ありがたい税務調査

8月末、猛暑のさなかに厚木税務署の職員の方が当社を尋ねてこられました。久しくその対象から外れていたようですが、実に十数年ぶりに税務調査が入ったのです。
企業に対する税務調査が行われる理由をインターネットで検索すると、「税務署が納税者の申告内容に何らかの疑いを抱いているから」だとする検索結果が真っ先に出てきます。
なんとも不穏な表現で、税務調査が嫌われ恐れられるのもむべなるかなという感じですが、私の解釈はまったく逆で、税務調査は大歓迎。よくぞ来てくださいましたという気持ちで、職員の方々をお迎えしました。
「招かざる客」だった頃
もちろん、私自身もこの会社を立ち上げた当初は、この税務署からのお客様が嫌でたまりませんでした。
訪問の予告が届いたその日から税理士さんのところに走り、なにか不備があったんだろうかと問うてみたりしたものです。
さらに経理担当のスタッフに数年前までの資料を準備してもらい、どこが指摘されるんだろうかと数字を眺めてみたりもしました。

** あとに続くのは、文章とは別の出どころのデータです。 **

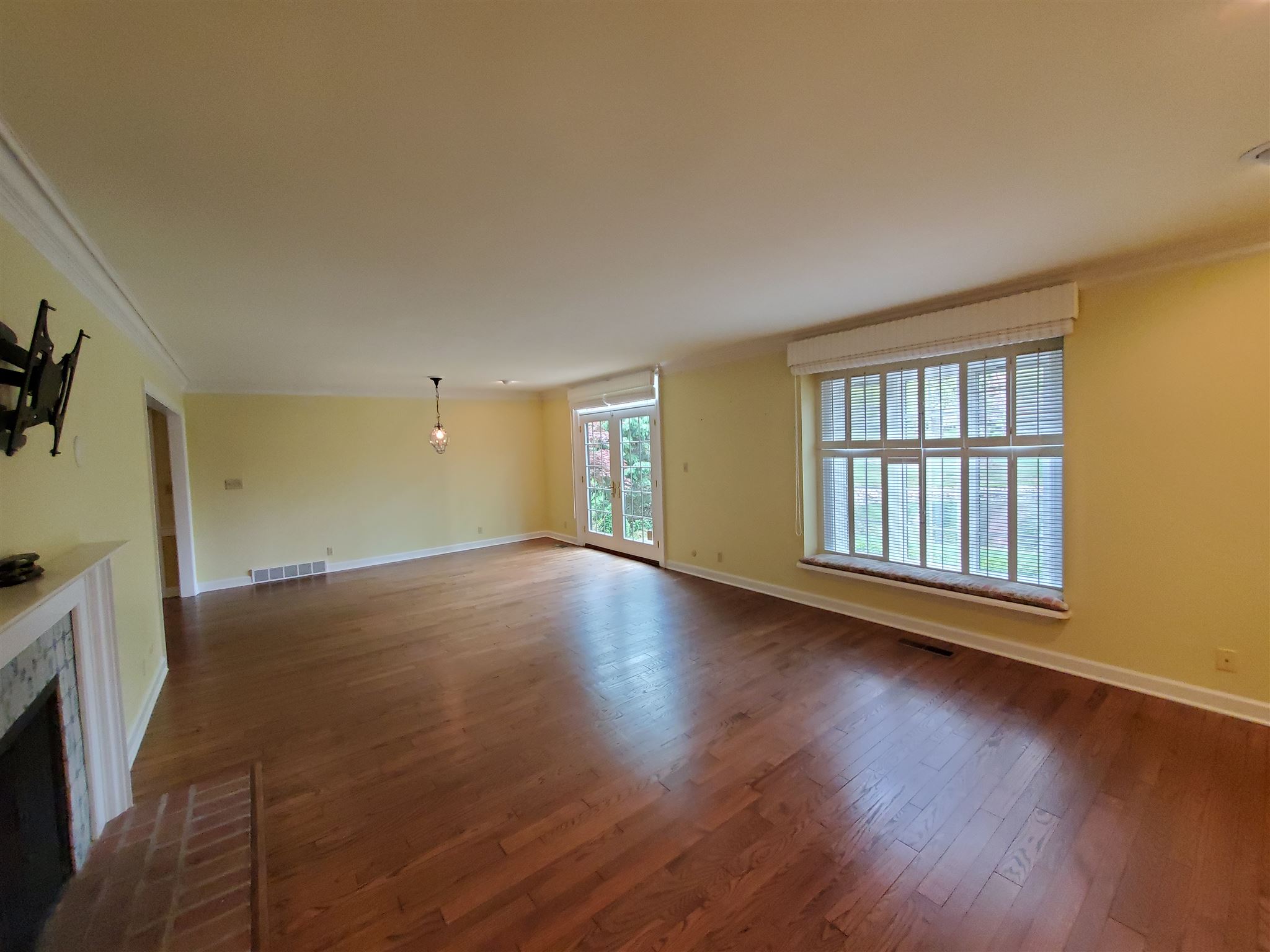 4023 Fairfax Road Evansville, IN 47710 - Photo 6 of 36 Gallery Image 6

調査の日はもっと大変でした。やりかけの仕事をすべて放り出して調査員からの質問に答え、お客様が来店されるのを失礼させていただいて…とまあ、「招かざる客」的な存在であったことに間違いありませんでした。
ですが、30年以上前の税務調査あたりから考えが変わりました。
経営を見直す機会として
税務調査というのは、費用なしで行ってくれる会計監査のようなものではないかと考え始めたのです。
私たちとしては正しく会計処理を行っているはずなのですが、たとえば処理方法や経費として認められるまたは認められないなどの解釈の違いが明らかになるからです。

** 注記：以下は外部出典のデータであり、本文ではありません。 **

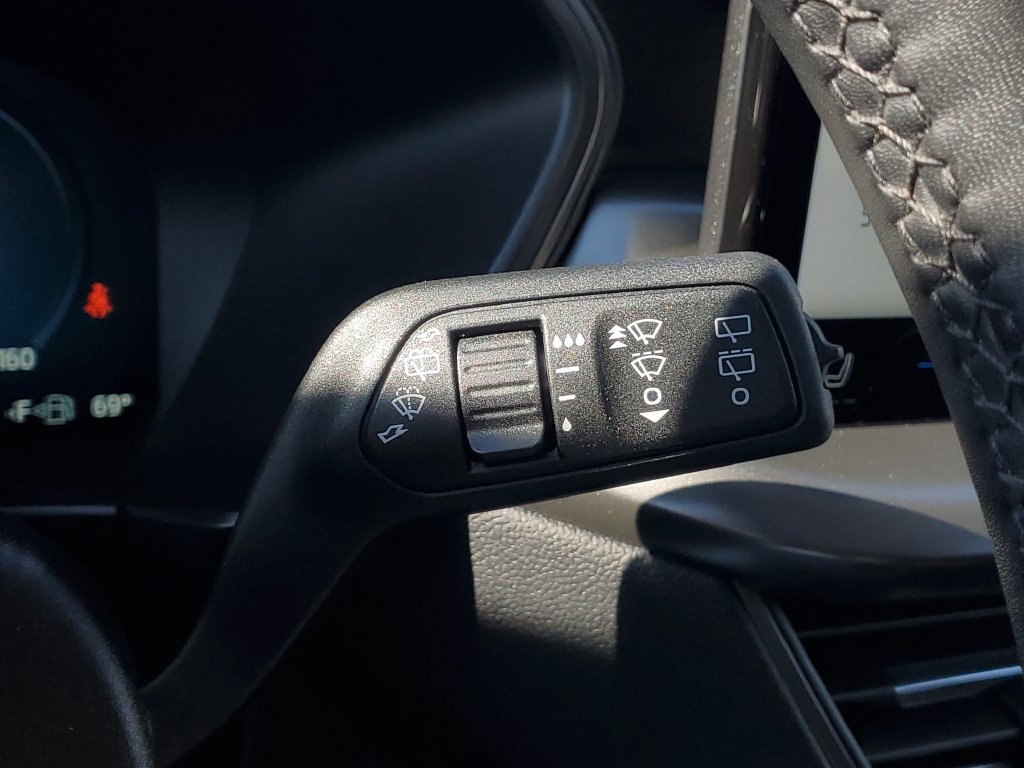 Used 2023 Ford Escape Active w/ Tech Pack #2 AWD/4WD image 25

また、経費として計上されている事柄が会社経営という面から見て本当に必要なものなのかと、改めて考えるよい機会にもなります。
もし仮に調査の結果、追徴課税ということになったら、その場合は追徴分を払えばいいだけの話なのです。
納税に対する意識も何十年と仕事をしていくうちに、すっかり変わってしまいました。
国のため、地域のため、みんなのためになるのだから、納税するのは素晴らしいことだという認識になってきました。

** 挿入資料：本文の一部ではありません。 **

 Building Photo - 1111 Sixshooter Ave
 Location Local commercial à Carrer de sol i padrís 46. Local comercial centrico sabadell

それだけ利益が出ているということなのですから、税を納めるのは誇るべきことなのではないかという考えに変わってきています。
信頼できる企業としてのお墨付き
とはいえ、十数年ぶりの税務調査となると経理担当スタッフとしては初体験という人がほとんどで、何か指摘されるのではないかという不安を抱いていたにちがいないと容易に想像できます。
そのスタッフたちの不安や懸念を経て、税または会計処理の意見交換がされたのは大変有益でした。
きちんとした企業として、胸を張って仕事をして、堂々と地域貢献できる会社にしようと認識を新たにしたからです。
さらに、訪れてくださった職員の方々も実に紳士的で、いろいろな会話のキャッチボールができ、最後には単純なもので、もっと利益を出してもっと納税しようという気にさえなっていました。
優先すべき一人一人の幸せ
職員の方の後ろ姿を見送ってから、現実に戻りました。
国に納税するのも大事、給与としてスタッフに還元するのも大事ではないかという考えがよぎったのです。
想像以上の物価高に国民の生活がどんどん圧縮されてきている昨今です。めぐりめぐって、まず第一に働くスタッフたちが幸せでなければなんにもならないという考えに落ち着いた調査の日でした。